**Work instructions**
From the records below, print exactly the lines starting at the one containing "Terreno, 3839 m² - Foto 3" and ending at the one containing "Earrings for Children", ends included, and nothing else.
-------- Stored data
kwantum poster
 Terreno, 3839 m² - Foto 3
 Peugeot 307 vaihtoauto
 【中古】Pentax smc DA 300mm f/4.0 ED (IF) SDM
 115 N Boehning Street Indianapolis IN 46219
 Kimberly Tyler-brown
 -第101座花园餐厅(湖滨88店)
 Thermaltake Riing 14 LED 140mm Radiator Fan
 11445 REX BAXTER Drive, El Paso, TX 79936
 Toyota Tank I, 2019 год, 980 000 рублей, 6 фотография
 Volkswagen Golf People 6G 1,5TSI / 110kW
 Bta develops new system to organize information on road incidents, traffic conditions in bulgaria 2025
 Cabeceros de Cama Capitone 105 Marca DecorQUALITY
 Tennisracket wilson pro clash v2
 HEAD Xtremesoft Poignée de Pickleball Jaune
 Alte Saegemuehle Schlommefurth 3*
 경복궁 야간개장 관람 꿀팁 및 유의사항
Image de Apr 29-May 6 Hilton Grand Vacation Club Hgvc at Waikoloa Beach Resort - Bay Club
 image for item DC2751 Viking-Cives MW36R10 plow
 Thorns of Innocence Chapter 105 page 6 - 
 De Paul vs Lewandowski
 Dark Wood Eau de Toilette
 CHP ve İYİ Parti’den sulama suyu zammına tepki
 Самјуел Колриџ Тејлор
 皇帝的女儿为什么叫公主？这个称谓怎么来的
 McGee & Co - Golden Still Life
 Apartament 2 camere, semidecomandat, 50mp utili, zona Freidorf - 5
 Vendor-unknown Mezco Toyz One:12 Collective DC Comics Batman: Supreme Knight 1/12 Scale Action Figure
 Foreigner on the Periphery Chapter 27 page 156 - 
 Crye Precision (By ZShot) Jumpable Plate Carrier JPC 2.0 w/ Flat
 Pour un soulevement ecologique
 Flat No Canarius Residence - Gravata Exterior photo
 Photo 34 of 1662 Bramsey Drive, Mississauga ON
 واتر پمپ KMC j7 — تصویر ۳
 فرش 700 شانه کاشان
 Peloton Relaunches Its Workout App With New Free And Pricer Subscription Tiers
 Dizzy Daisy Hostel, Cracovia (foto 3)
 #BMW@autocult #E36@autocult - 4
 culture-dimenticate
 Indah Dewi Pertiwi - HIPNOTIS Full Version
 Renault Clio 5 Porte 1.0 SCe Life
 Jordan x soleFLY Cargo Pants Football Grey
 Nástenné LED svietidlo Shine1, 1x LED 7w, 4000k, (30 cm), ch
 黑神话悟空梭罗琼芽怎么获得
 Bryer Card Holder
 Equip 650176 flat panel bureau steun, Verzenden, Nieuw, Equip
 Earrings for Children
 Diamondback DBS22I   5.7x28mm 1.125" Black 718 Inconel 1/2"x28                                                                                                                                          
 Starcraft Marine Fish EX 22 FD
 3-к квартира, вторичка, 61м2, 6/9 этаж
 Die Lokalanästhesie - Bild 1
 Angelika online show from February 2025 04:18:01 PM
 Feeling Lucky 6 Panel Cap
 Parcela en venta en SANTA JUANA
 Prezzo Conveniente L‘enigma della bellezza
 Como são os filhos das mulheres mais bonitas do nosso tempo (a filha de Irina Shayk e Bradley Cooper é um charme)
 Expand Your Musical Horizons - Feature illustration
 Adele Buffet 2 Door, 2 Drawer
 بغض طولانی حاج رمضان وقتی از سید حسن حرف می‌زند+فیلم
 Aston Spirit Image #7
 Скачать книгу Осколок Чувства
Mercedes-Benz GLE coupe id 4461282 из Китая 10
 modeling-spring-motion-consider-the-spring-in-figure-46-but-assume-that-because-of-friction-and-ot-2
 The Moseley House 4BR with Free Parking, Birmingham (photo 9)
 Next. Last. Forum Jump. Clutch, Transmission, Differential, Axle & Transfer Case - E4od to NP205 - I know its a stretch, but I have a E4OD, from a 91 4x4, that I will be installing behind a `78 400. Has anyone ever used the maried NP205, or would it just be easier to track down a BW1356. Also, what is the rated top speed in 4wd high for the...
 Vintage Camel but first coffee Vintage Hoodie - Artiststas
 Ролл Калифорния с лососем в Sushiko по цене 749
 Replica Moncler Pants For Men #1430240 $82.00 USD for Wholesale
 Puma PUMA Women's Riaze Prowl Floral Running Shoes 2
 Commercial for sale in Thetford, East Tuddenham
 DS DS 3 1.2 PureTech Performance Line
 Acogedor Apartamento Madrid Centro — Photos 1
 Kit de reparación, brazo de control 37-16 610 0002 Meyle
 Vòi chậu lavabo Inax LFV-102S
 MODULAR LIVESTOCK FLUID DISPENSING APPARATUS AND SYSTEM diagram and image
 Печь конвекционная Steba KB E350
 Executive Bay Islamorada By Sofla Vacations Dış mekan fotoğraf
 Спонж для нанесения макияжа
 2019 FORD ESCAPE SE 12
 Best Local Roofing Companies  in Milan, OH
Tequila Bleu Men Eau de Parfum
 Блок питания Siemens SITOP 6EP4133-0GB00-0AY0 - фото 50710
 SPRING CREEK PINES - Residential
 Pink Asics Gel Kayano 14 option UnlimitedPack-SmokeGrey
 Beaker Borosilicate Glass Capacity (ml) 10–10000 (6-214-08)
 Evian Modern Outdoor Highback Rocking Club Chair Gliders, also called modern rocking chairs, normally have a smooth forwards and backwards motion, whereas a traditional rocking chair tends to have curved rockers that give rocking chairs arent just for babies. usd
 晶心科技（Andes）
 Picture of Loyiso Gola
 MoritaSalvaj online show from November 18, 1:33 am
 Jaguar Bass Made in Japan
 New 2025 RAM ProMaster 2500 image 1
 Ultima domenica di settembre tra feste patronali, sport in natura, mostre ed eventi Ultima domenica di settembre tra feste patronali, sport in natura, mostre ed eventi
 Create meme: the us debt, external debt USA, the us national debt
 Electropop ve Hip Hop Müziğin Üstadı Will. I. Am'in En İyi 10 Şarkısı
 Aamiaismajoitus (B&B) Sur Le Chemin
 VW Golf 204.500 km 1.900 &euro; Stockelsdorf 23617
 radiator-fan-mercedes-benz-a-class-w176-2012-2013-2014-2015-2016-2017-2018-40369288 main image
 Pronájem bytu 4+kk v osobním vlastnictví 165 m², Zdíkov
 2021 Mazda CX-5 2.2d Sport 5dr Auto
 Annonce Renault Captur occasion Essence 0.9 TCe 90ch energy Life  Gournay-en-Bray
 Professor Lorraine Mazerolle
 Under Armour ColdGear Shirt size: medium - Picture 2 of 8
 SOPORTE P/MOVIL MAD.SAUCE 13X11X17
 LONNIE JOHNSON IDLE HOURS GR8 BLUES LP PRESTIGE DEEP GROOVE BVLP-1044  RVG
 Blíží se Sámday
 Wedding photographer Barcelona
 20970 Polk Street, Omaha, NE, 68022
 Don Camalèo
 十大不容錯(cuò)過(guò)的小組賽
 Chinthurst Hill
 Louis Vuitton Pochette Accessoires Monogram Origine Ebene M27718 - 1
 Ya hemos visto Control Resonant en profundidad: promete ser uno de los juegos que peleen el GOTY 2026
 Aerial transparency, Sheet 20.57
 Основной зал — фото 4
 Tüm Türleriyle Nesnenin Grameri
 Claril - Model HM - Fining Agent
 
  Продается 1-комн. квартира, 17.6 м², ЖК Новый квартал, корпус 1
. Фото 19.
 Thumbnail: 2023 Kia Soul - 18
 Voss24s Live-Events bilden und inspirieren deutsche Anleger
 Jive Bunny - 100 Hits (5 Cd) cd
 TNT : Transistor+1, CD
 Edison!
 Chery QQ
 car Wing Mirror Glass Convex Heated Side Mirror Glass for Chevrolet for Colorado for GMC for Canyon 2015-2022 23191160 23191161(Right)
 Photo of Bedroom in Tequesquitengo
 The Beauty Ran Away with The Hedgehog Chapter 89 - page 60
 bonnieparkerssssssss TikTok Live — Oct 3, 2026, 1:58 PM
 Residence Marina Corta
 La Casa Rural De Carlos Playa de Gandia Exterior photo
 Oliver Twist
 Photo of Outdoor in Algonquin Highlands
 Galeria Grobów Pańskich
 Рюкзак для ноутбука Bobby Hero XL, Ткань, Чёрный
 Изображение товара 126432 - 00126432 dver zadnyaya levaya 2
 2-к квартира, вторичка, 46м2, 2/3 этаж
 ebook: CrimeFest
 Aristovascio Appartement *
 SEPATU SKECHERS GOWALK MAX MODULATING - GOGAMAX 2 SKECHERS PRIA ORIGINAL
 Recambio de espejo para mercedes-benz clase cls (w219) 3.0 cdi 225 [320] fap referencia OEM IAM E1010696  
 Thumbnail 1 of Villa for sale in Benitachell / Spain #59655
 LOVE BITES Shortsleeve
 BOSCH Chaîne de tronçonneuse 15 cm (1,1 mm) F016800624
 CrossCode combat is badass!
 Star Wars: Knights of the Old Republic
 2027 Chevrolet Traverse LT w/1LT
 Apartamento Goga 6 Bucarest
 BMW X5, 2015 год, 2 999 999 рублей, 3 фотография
----------------
**Solution to this task**
 Terreno, 3839 m² - Foto 3
 Peugeot 307 vaihtoauto
 【中古】Pentax smc DA 300mm f/4.0 ED (IF) SDM
 115 N Boehning Street Indianapolis IN 46219
 Kimberly Tyler-brown
 -第101座花园餐厅(湖滨88店)
 Thermaltake Riing 14 LED 140mm Radiator Fan
 11445 REX BAXTER Drive, El Paso, TX 79936
 Toyota Tank I, 2019 год, 980 000 рублей, 6 фотография
 Volkswagen Golf People 6G 1,5TSI / 110kW
 Bta develops new system to organize information on road incidents, traffic conditions in bulgaria 2025
 Cabeceros de Cama Capitone 105 Marca DecorQUALITY
 Tennisracket wilson pro clash v2
 HEAD Xtremesoft Poignée de Pickleball Jaune
 Alte Saegemuehle Schlommefurth 3*
 경복궁 야간개장 관람 꿀팁 및 유의사항
Image de Apr 29-May 6 Hilton Grand Vacation Club Hgvc at Waikoloa Beach Resort - Bay Club
 image for item DC2751 Viking-Cives MW36R10 plow
 Thorns of Innocence Chapter 105 page 6 - 
 De Paul vs Lewandowski
 Dark Wood Eau de Toilette
 CHP ve İYİ Parti’den sulama suyu zammına tepki
 Самјуел Колриџ Тејлор
 皇帝的女儿为什么叫公主？这个称谓怎么来的
 McGee & Co - Golden Still Life
 Apartament 2 camere, semidecomandat, 50mp utili, zona Freidorf - 5
 Vendor-unknown Mezco Toyz One:12 Collective DC Comics Batman: Supreme Knight 1/12 Scale Action Figure
 Foreigner on the Periphery Chapter 27 page 156 - 
 Crye Precision (By ZShot) Jumpable Plate Carrier JPC 2.0 w/ Flat
 Pour un soulevement ecologique
 Flat No Canarius Residence - Gravata Exterior photo
 Photo 34 of 1662 Bramsey Drive, Mississauga ON
 واتر پمپ KMC j7 — تصویر ۳
 فرش 700 شانه کاشان
 Peloton Relaunches Its Workout App With New Free And Pricer Subscription Tiers
 Dizzy Daisy Hostel, Cracovia (foto 3)
 #BMW@autocult #E36@autocult - 4
 culture-dimenticate
 Indah Dewi Pertiwi - HIPNOTIS Full Version
 Renault Clio 5 Porte 1.0 SCe Life
 Jordan x soleFLY Cargo Pants Football Grey
 Nástenné LED svietidlo Shine1, 1x LED 7w, 4000k, (30 cm), ch
 黑神话悟空梭罗琼芽怎么获得
 Bryer Card Holder
 Equip 650176 flat panel bureau steun, Verzenden, Nieuw, Equip
 Earrings for Children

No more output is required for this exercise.